• [Exercise aim]: In the entries below, find the line containing "Мышь оптическая Smart". Copy it and all lines after it, exactly, through the end.

(Crawled caption data)

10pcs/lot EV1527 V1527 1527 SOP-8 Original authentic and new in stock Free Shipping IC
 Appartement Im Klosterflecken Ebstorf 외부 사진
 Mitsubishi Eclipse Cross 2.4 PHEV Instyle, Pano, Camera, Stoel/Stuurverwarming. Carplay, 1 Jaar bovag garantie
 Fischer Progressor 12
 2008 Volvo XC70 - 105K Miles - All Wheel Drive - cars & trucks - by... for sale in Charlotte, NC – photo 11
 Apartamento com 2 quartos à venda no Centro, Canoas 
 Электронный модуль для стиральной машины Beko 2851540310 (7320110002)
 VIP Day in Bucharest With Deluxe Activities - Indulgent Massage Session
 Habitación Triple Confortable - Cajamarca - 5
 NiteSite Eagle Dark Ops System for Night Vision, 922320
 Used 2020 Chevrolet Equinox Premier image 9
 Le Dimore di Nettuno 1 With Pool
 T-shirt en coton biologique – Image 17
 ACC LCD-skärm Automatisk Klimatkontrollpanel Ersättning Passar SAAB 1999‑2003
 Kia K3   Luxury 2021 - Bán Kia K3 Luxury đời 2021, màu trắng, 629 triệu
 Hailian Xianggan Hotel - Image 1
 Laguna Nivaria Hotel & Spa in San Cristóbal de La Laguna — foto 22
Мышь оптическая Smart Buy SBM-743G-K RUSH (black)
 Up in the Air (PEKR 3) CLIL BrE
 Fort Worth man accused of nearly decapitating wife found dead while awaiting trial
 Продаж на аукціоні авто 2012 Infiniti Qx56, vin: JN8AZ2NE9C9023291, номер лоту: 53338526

• [Response to this task]:
Мышь оптическая Smart Buy SBM-743G-K RUSH (black)
 Up in the Air (PEKR 3) CLIL BrE
 Fort Worth man accused of nearly decapitating wife found dead while awaiting trial
 Продаж на аукціоні авто 2012 Infiniti Qx56, vin: JN8AZ2NE9C9023291, номер лоту: 53338526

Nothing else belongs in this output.